▸ Data segment
[Start of section]

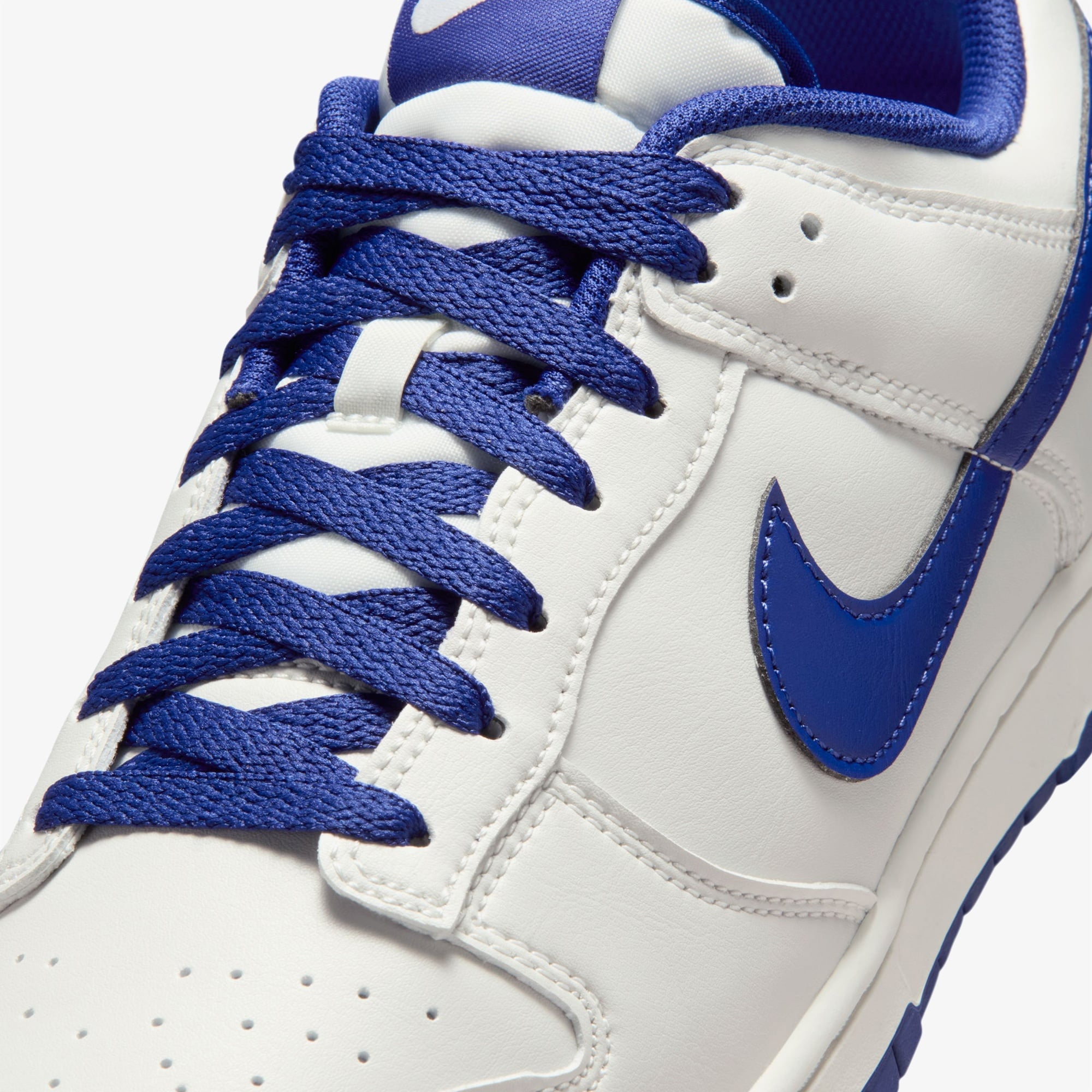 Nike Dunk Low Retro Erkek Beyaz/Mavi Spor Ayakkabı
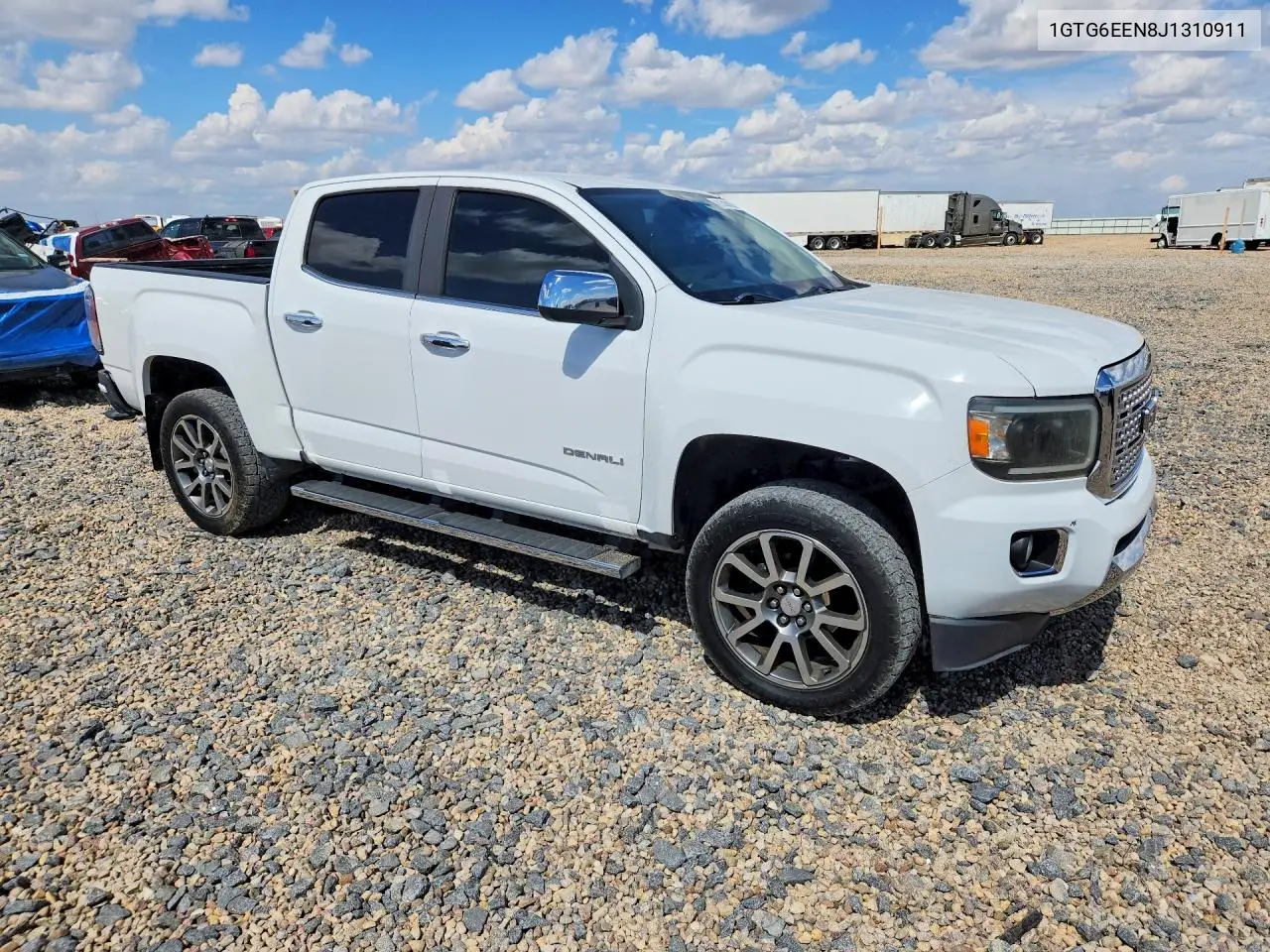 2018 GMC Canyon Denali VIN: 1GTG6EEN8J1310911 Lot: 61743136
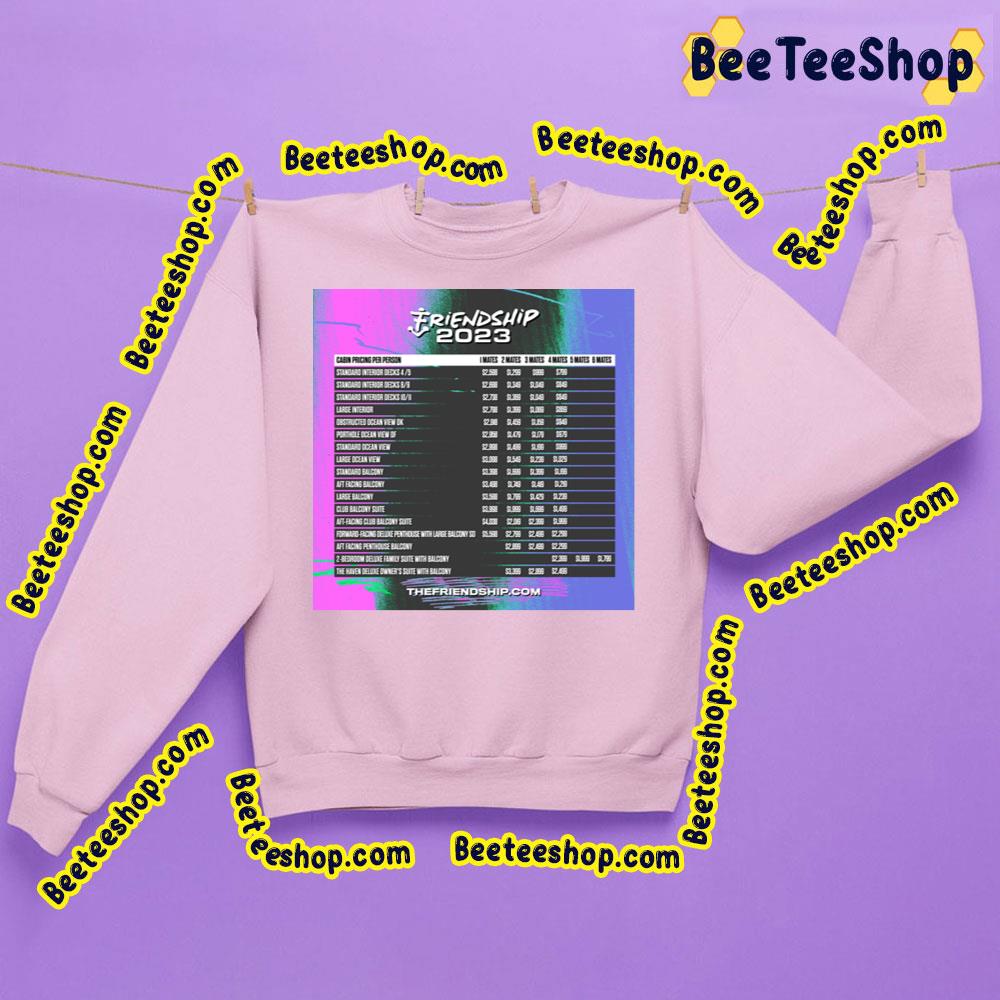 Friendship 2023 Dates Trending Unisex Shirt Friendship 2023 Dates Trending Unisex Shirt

[End of section]

▸ Work task
Repeat the listing exactly, pictures excluded.

▸ Task response
 Nike Dunk Low Retro Erkek Beyaz/Mavi Spor Ayakkabı
 2018 GMC Canyon Denali VIN: 1GTG6EEN8J1310911 Lot: 61743136
 Friendship 2023 Dates Trending Unisex Shirt Friendship 2023 Dates Trending Unisex Shirt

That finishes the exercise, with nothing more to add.